The only way through it is through it. You WILL get through it. Just got to get past this horrible part first.
I know you don't believe it now -- I didn't -- but there will come a time when you are so relieved and happy to be away and you won't even remember how bad it felt.
Are you in IC at all?
Married: 11 years, no kids
Character is destiny
I imagine that once I get past all of the "firsts," it won't hurt nearly as badly. But it was my "first" Valentine's Day, birthdays (mine and his) w/o him in nine years. It was my "first" Mother's Day w/o him. I always thought we'd be together. Duh, obviously, because I'm sure most, if not all, of us thought that. I'm ready for the loneliness to subside. I'm not in IC at the moment, there's just no time with the Army program I'm in. All available appointments are during class hours and if we miss too much class, they can drop us from the course. So for right now I'm trying to deal with things as best I can, and if I can't deal with it I bury it until a later time. Not the healthiest of methods, I know. :)

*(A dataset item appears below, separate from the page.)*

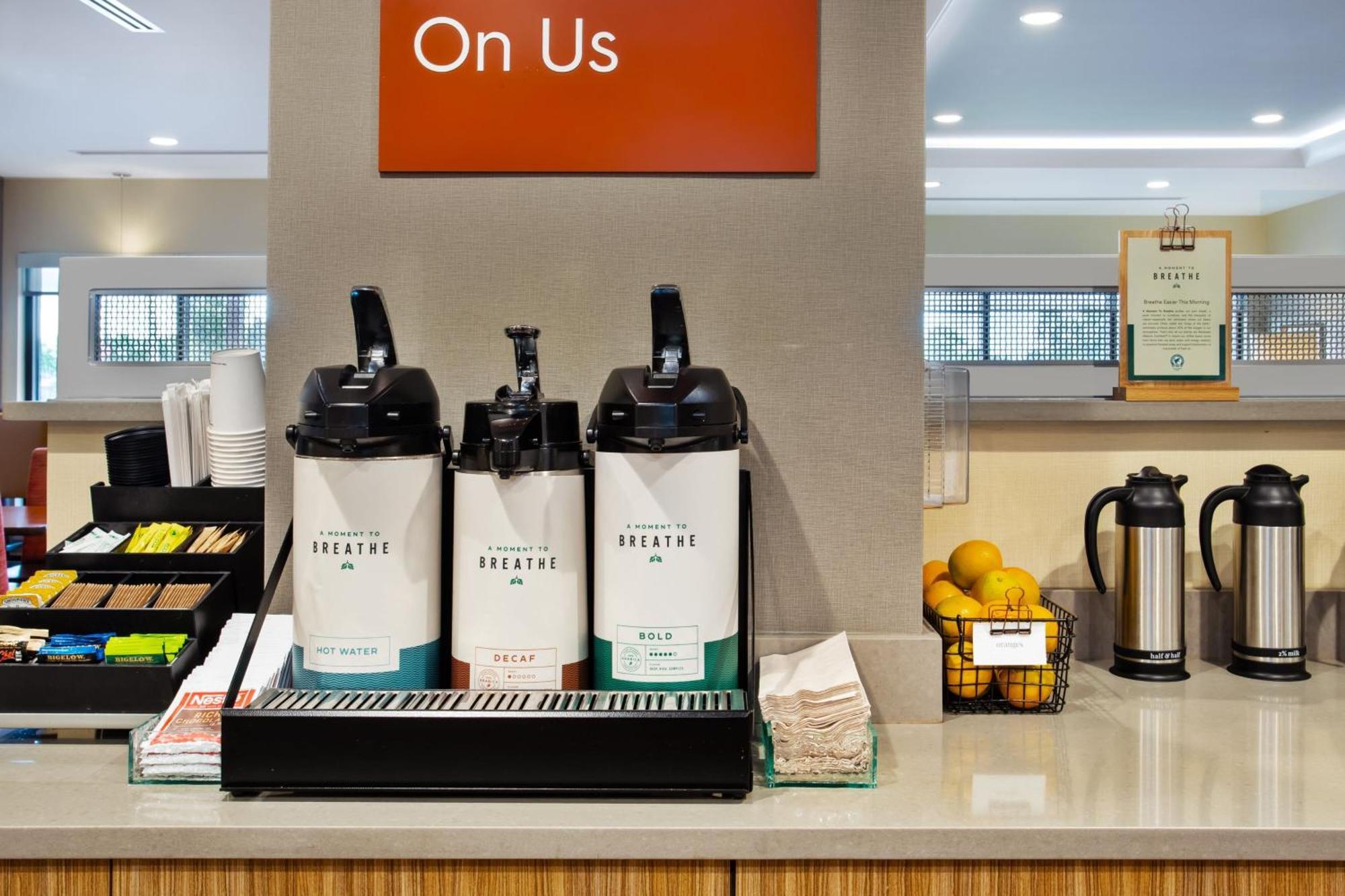TownePlace Suites by Marriott Detroit Belleville Extérieur photo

Many people here, myself included, have found the books "getting past your breakup" by Susan Elliott and "The Journey from Abandonment to Healing" by Susan Anderson to be very helpful.
And, even when you do start to break through you will have times where the sadness, loneliness, anger and the seemingly unfairness of it all comes flooding back.
I know, because I am experiencing it myself right now.
I am not saying this to make you feel worse, I am just letting you know that it is an ongoing process that all BS go through.
Thankfully you can know that you are not alone and that we are here to listen and offer support.